There is no reason to break existing code because the docs only mention the old usage at the end as side note so the risk of new code using the old syntax is small, not worth the breakage.

petkaantonov avatar Sep 01 '16 09:09 petkaantonov

@petkaantonov I see code that breaks in the wild no matter what modification we make to join, there is code in the wild relying on the fact that a single function argument pends forever, and code in the wild that relies on the fact Promise.join() is a resolved promise for an array.

I think the point of a semver major is to allow for these cleanups.

We will always break someone's workflow

(I did a GH code search for Promise.join, it's in the first few pages).

benjamingr avatar Sep 01 '16 09:09 benjamingr

If there's really code relying on function never being called we should not make that change either

petkaantonov avatar Sep 01 '16 09:09 petkaantonov

There is. To be clear - I'm not suggesting we merge this into 2.x, I'm suggesting we aim for 4.x, we made much more breaking changes in 2.x -> 3.x breaking a lot more code and I think it was for the better.

Stuff like "swapping the argument order of delay" is a lot more breakage than "in edge cases and behavior that's been deprecated for join bluebird will not fail fast and not do quirky things".

It's your philosophy for the library of being genuinely useful and not "more correct or compatible" that I'm arguing for here - in Node for example it would stay broken for life.

benjamingr avatar Sep 01 '16 09:09 benjamingr

I still haven't seen a valid reason why this is confusing. The function takes an optional function argument, which, if not present, defaults to a function that places all arguments into an array.
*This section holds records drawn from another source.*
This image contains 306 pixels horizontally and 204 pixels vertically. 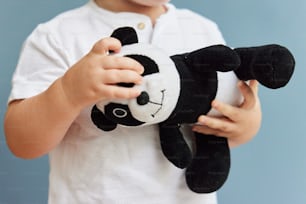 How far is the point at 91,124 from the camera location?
533 mm

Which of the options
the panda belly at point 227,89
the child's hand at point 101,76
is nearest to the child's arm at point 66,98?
the child's hand at point 101,76

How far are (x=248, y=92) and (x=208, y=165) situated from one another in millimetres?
77

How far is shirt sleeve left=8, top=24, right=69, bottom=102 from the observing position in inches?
20.8

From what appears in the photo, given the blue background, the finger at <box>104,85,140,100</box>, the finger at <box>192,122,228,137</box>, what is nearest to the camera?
the finger at <box>104,85,140,100</box>

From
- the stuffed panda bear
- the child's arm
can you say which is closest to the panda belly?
the stuffed panda bear

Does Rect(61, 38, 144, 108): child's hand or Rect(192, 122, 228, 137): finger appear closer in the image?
Rect(61, 38, 144, 108): child's hand

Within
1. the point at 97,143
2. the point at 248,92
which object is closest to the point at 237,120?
the point at 248,92

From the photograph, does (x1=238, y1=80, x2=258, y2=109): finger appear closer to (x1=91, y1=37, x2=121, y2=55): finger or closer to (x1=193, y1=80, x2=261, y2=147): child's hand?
(x1=193, y1=80, x2=261, y2=147): child's hand

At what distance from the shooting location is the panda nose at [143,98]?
44 centimetres

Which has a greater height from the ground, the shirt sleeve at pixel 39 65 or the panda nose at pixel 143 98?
the panda nose at pixel 143 98

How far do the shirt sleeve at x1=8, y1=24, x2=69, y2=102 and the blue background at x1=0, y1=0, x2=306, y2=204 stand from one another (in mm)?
127

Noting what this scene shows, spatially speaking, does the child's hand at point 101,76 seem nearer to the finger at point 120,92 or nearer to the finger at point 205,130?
the finger at point 120,92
Can someone explain how is this confusing? Whats the exact mechanism here that causes confusion?

And please don't make comparisons with an accidental edge case either. This behaviour has been specifically intended in the library for a long, long time, and infact, it was the only intended behaviour at the beginning.

So to clarify: I'm all for fixing unintended behaviour, even if it causes breakage. But I'm against deprecating and removing intended behaviour unless there is a very good reason for it. And the explanation has to be better than "its confusing", because its possible to say that about anything.

spion avatar Sep 01 '16 09:09 spion

Promise.join(function() { //should I resolve with a promise for the function? Reject? The two cases conflict
});
Promise.join(a, sometimesFunctionSometimesPromise); // like Array(3) vs [3], also `then`s would fire differently

Also, it does the same thing .all does for the first case. I think it was a mistake to support both cases at once.

benjamingr avatar Sep 01 '16 12:09 benjamingr

  1. Must pass at least one promise
  2. Whats wrong with it? Can you explain how is it like Array(3) vs [3]. And how about a realistic example of a variable that sometimes contains a function and other times a promise?